Kaligrafi bangunan cukup unik. Mulai dari gapura utama, kuncungan di depan serambi, soko guru, hingga kusen-kusen jendela. Al Wustho nama masjid itu. Menurut salah seorang pengurus, M. Fathoni, nama itu pertamakali dilekatkan Penghulu Mangkunegaran, KH Imam Rosidi pada 1949.
Al Wustho berarti tengahan, merujuk ukuran fisik bangunan yang tidak segede Masjid Agung Keraton Kasunanan Surakarta dan tidak sekecil Masjid Kepatihan di Kepatihan. Masjid Al Wustho merupakan satu dari tiga masjid tertua di Kota Surakarta. Pembangunannya diprakarsai Kanjeng Gusti Pangeran Adipati Arya Mangkunegoro I yang dikenal dengan nama Pangeran Sambernyowo tahun 1757.
Bagaimana tanggapan anda mengenai artikel ini?
Keberadaan masjid merupakan lambang panatagama atau kepemimpinan yang arif bijaksana. Semula masjid berada di wilayah Kauman, Pasar Legi. Baru pada 1830 di era pemerintahan KGPAA Mangkunegoro II dipindahkan ke lokasinya sekarang agar lebih dekat Pura Mangkunegaran.
Keelokan arsitektur dan muatan sejarah yang dikandungnya membuat Masjid Al Wustho tidak pernahsepi. Saat Ramadan kali ini, masjid dikunjungi sejumlah warga. Saat Media Indonesia bertandang ke sana belum lama ini, sejumlah warga terlihat beristirahat di serambi masjid. Ada yang duduk-duduk sembari menikmati semilir angin. Ada pula yang mengisi waktu dengan membaca Alquran.
Amin, warga sekitar masjid, menuturkan selama Ramadan Al Wustho nyaris tidak pernah sepi pengunjung. Tidak hanya pagi, siang dan sore menjelang berbuka, tetapi juga pada saat jam makan sahur. “Mesjid ini menjadi tempat santap sahur bersama para penarik becak,” kata Amin.

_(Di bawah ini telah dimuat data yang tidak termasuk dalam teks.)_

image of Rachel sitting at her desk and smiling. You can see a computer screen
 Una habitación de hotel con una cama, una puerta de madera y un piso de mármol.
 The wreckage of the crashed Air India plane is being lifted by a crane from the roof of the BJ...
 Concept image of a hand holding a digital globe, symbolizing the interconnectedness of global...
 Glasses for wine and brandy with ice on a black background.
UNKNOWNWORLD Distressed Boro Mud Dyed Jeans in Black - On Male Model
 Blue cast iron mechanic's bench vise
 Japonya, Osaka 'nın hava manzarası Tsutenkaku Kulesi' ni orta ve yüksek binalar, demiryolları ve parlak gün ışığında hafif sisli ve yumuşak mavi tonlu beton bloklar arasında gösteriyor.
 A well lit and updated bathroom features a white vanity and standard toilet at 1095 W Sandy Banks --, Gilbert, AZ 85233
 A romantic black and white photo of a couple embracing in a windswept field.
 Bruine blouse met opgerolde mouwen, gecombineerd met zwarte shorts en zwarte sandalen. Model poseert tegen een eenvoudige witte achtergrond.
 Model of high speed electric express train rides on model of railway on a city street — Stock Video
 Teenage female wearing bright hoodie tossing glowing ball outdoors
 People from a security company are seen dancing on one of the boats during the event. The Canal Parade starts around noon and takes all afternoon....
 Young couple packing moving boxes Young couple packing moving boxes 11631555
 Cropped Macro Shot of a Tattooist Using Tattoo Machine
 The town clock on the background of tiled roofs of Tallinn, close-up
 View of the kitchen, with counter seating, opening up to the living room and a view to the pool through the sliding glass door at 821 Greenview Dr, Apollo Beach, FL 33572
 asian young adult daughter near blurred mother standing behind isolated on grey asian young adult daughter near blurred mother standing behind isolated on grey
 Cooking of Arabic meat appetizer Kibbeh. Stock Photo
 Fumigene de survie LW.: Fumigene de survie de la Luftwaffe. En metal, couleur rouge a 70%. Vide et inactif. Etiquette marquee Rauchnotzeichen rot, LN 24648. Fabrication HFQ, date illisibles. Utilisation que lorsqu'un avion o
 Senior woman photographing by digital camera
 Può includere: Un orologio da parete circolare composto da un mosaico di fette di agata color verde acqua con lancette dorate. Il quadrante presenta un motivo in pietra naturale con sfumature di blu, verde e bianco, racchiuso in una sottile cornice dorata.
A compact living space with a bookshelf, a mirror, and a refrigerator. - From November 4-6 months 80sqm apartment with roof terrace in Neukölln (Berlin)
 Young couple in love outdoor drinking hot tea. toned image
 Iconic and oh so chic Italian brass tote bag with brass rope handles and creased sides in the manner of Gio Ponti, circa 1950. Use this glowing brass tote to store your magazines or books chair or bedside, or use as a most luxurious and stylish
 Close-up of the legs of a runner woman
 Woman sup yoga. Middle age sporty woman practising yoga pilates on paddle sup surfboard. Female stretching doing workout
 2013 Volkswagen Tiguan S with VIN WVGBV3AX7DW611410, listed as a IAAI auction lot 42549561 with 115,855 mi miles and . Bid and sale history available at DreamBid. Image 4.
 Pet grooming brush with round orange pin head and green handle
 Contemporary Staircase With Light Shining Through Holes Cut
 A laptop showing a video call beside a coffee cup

Arsitektur masjid dirancang Thomas Karsten. Itulah mengapa bangunan masjid memiliki nuansa Eropa. Pemugaran sekaligus pemekaran bangunan masjid dilakukan besar-besaran pada masa pemerintahan KGPAA Mangkunegoro VII yang memerintah antara 1916-1944. Termasuk membangun gapura utama yang berhiaskan kaligrafi dan pagar tembok berbentuk daun itu.
Pada masa pemerintahan Belanda, Al Wustho tidak hanya berfungsi sebagai tempat ibadah salat bagi rakyat dan punggawa Pura Mangkunegaran. Masjid juga menjadi tempat mengatur strategi perang melawan Belanda dan memberikan pengarahan kepada para punggawa.
Al Wustho berada di atas kompleks seluas 4.200 meter persegi. Al Wustho memiliki bangunan khusus yang mungkin tidak terdapat pada masjid-masjid lain, yakni sebuah bangunan berbentuk bundar menyerupai menara kecil. Bangunan itu disebut maligin dan dibangun atas prakarsa KGPAA Mangkunegoro V. Fungsinya sebagai tempat khitan bagi putra kerabat Mangkunegaran.